■ Work to be completed:
Print out the data exactly, keeping every image out of it.

■ Data segment:

::::::::

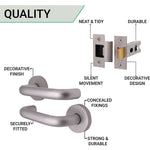 Return To Door Lever on Rose Handle & Latch Kit – Satin Aluminium - 76mm Latch - tradefit - 4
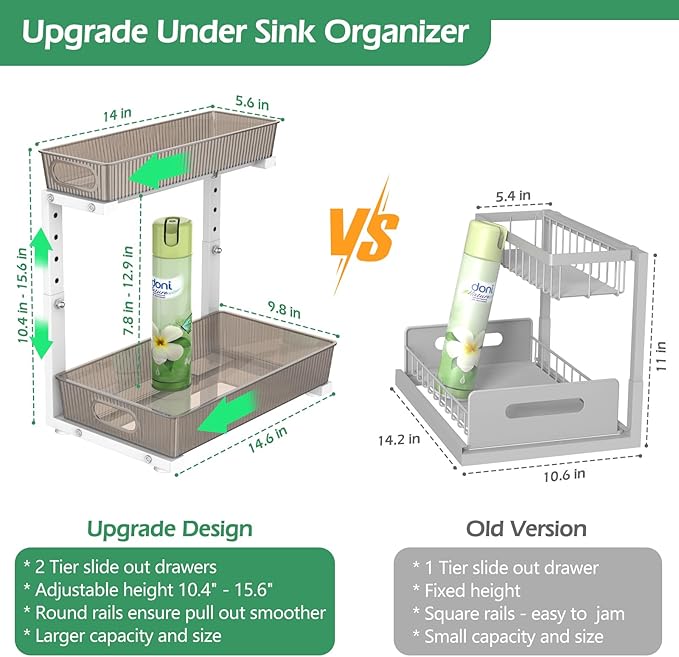 ADRIMER Under Sink Organizer 2 Packs, Pull Out Kitchen Sink Organizer, 2 Tier Slide Out Kitchen Organizers and Storage Bathroom Under Cabinet Storage Shelf, Grey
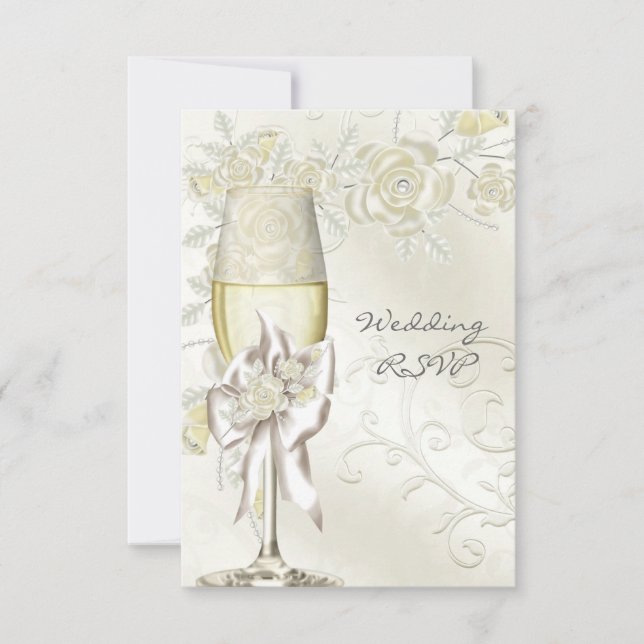 RSVP Mariage Or Crème Perle Floral Roses (Devant)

::::::::

■ The answer:
 Return To Door Lever on Rose Handle & Latch Kit – Satin Aluminium - 76mm Latch - tradefit - 4
 ADRIMER Under Sink Organizer 2 Packs, Pull Out Kitchen Sink Organizer, 2 Tier Slide Out Kitchen Organizers and Storage Bathroom Under Cabinet Storage Shelf, Grey
 RSVP Mariage Or Crème Perle Floral Roses (Devant)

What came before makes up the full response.